More restaurants and bars that I like in other neighborhoods of the city: Z&Y (the first I had when I moved to SF), Empress by Boon, Sam Wo, Californios, Quince, Tartine, Delarosa, The Interval, Greens, The Linden Room, Nihon Whisky Lounge, Rintaro, Ozumo, Kusakabe, The Korner Store, Izakaya Hon, Palette, Zero Zero.
Museums and galleries to check out: de Young Museum, Asian Art Museum, SFMOMA, CCCSF, ICASF, Heron Arts, Glass Rice, Hashimoto, Voss Gallery, Mirus, Soft Times, Root Division, Rebecca Camacho Presents, Romer Young, CULT Aimee Friberg, Re.Riddle (pop-up exhibitions), Dolby Chadwick, Catharine Clark, Crown Point Press, Berggruen, Hosfelt, Jessica Silverman, Minnesota Street Project (a great spot to do gallery hopping as it’s home to many contemporary galleries like Eleanor Hardwood, Municipal Bonds, Casemore Kirkeby, Themes+Projects, Nancy Toomey Fine Art.)
For outdoor lovers: Lands End, Golden Gate Park, Presidio, Marin Headlands.

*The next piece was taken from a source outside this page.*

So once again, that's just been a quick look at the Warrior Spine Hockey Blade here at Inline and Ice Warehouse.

Shoutout is all about shouting out others who you feel deserve additional recognition and exposure. Who would you like to shoutout?

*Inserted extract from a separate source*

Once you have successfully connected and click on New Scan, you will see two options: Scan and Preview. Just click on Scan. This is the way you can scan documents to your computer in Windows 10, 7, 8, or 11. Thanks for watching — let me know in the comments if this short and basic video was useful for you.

I wouldn’t be the person I am today without the unconditional love and support I received from my grandfather. I came from an unconventional family where I barely had the chance to live with my parents, but the love and trust I received from my grandfather are irreplaceable. There’s no word that comes close enough that I could use to describe this bond. His stoic approach to life and interest in culture and education also influenced me in many ways. He was a spectacular storyteller. I wish we had more time together so I could hear more of his stories.